=== Given information ===

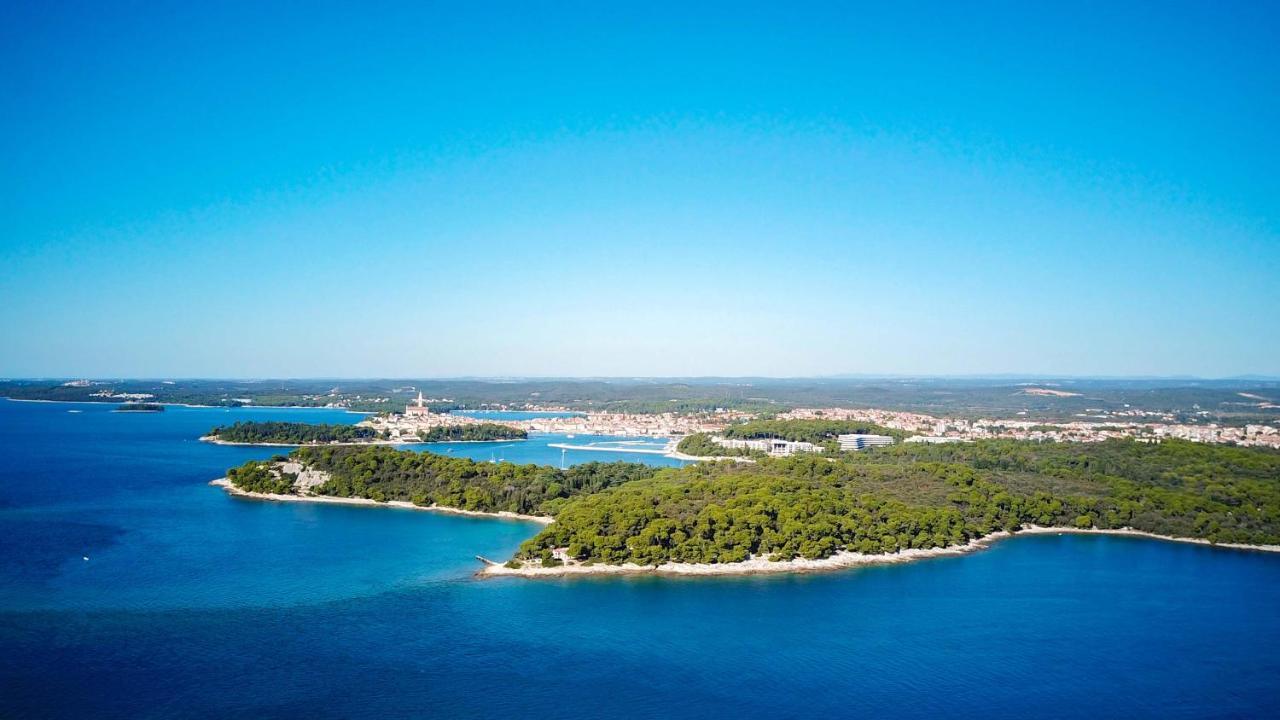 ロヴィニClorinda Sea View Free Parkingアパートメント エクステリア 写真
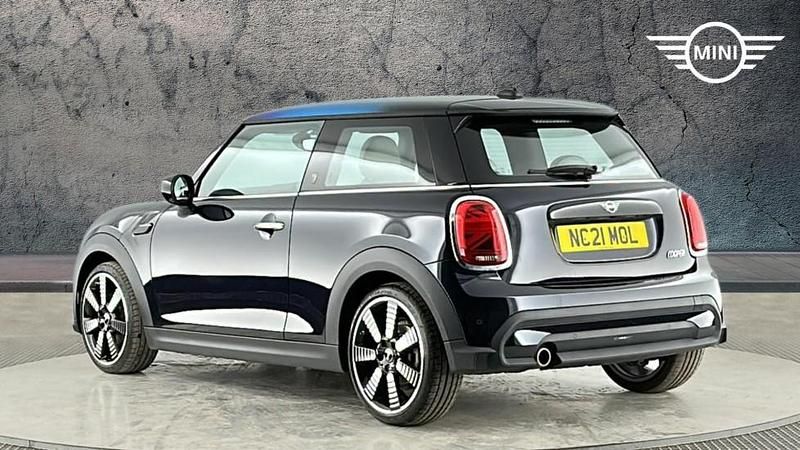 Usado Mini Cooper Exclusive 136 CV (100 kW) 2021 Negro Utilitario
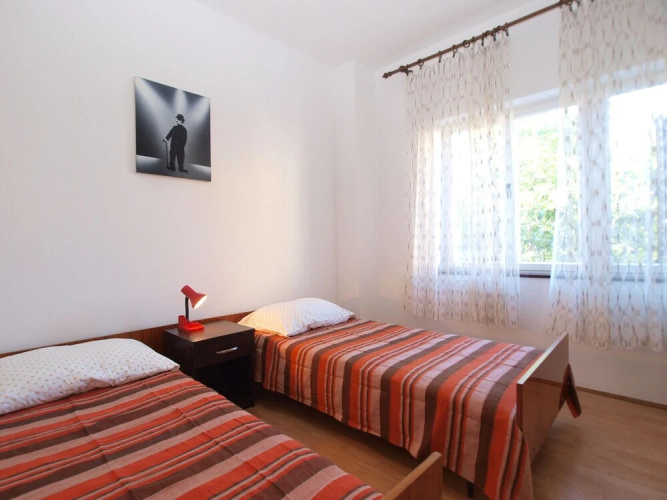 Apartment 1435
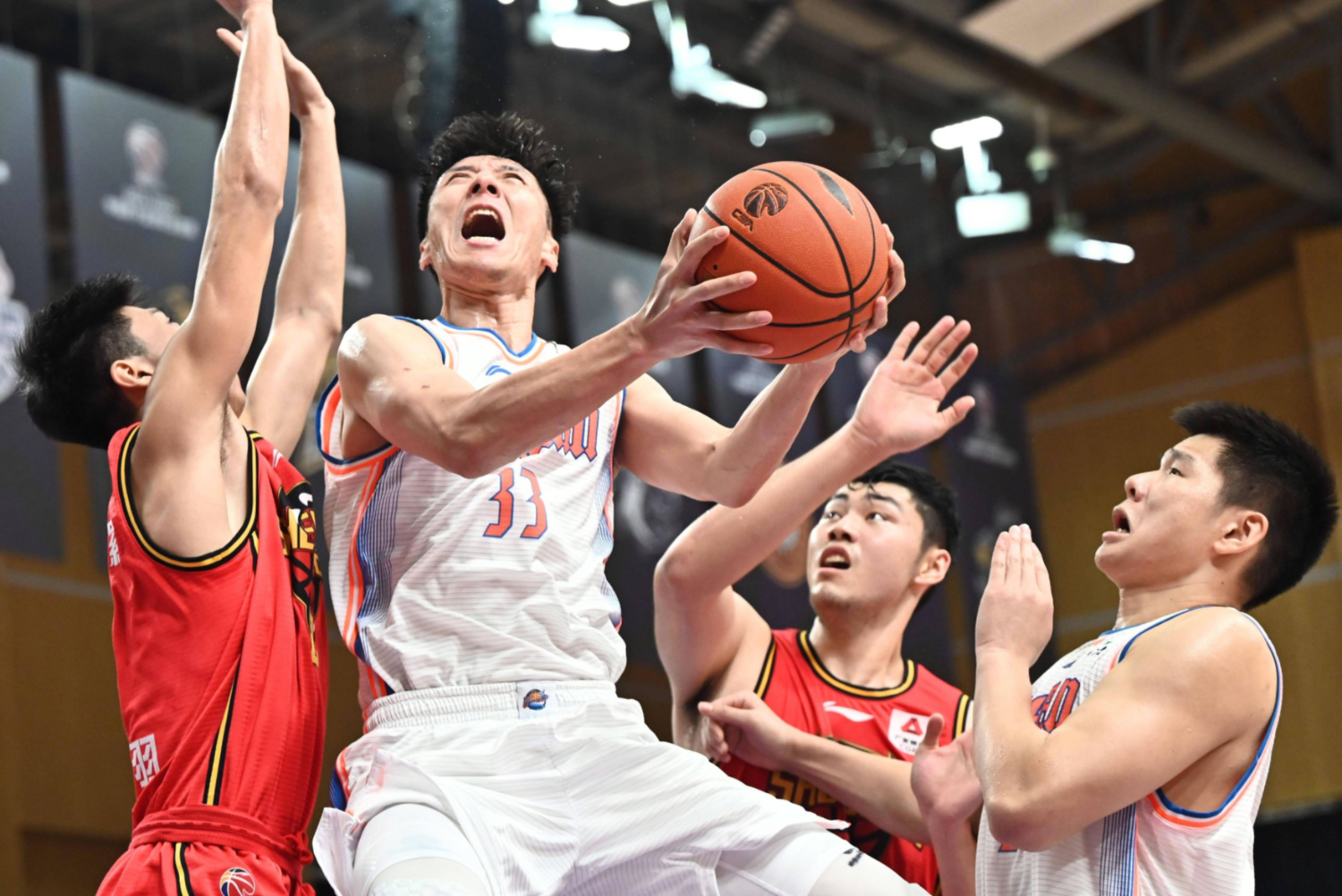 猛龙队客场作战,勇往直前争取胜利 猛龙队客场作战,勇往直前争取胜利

=== Task prompt ===
Nothing but the listing, copied exactly and stripped of its images, should appear in the response.

=== Reply to the task ===
 ロヴィニClorinda Sea View Free Parkingアパートメント エクステリア 写真
 Usado Mini Cooper Exclusive 136 CV (100 kW) 2021 Negro Utilitario
 Apartment 1435
 猛龙队客场作战,勇往直前争取胜利 猛龙队客场作战,勇往直前争取胜利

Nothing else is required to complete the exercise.